We deliberately dismiss God. Then feel helpless.
Here is how you know they were common loons. On the way back up the beach, you find one struggling in the sand. Almost helpless. Her webbed feet so far back on her body that every attempt to get to the surf drives her chest deeper into the wet, sticky sand.
You walk toward her gently. She sees you. Her voice is too weak to be a warning, and too afraid to be an entreaty. It’s the first time you have heard the mournful cry of a common loon from two feet away. Your heart cracks open.
Then suddenly, somehow, she throws herself at the surf, barely at all, and a gentle breaker reaches for her and gathers her up.

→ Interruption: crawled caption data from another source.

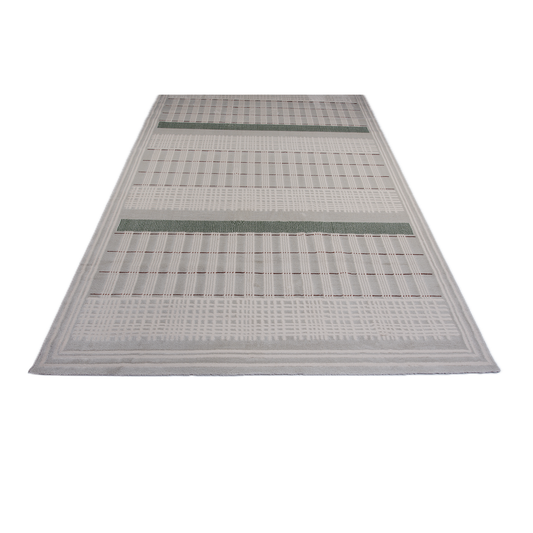 Green and cream contemporary rug
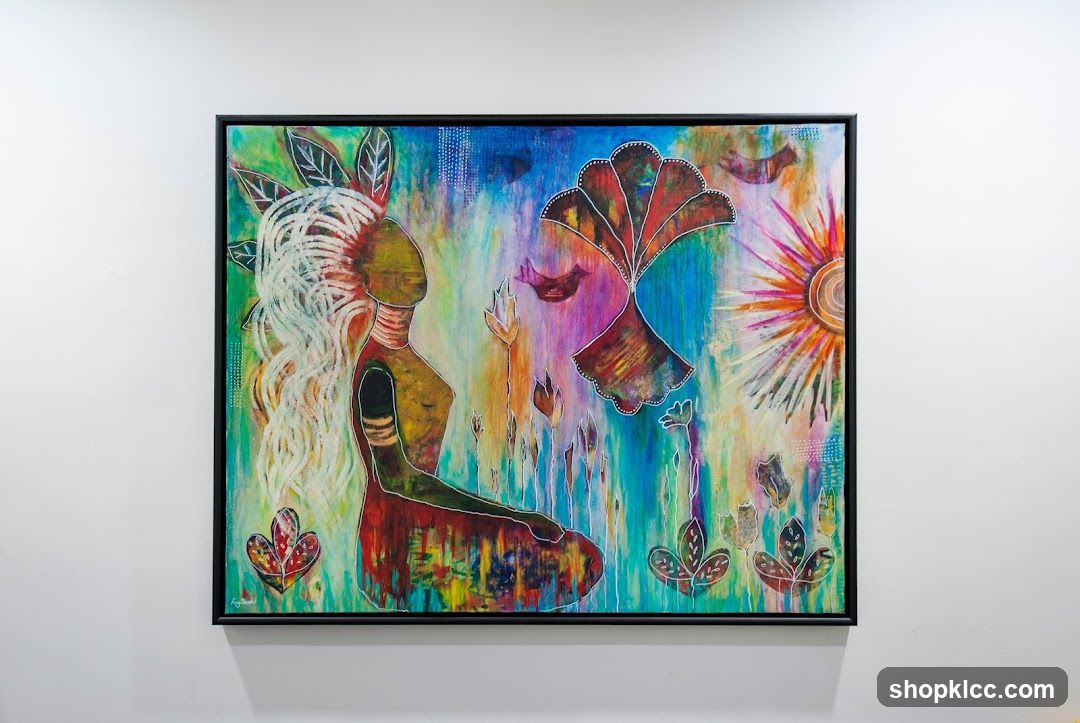 Abstract painting of a seated figure
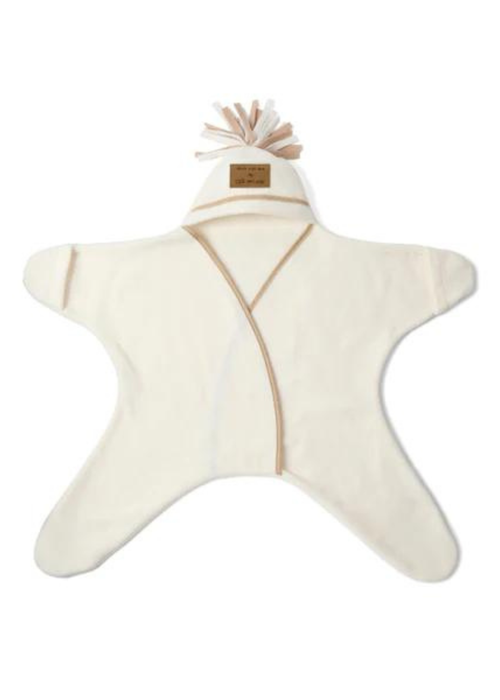 Clair de Lune Star Fleece Cream Wrap Blanket - Up to 1 Month Image 2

Brings her home and she is swimming.
With you, sweet lady.
With us.
6 April
You name is With You Always. You said so yourself. Gently, disassemble the striving walls I built, brick by brick, to keep you outside, and that have long constrained me. So that I might be released and follow you, and finally. If it be your desire.
Yes I was falling in love. And yes. I missed you. Every moment.
Oremus,
Chris
…a privilege to be let into your world of ponderings, and sketches of your soul’s imagery. Your words offer good gifts of calmness, peace and honesty.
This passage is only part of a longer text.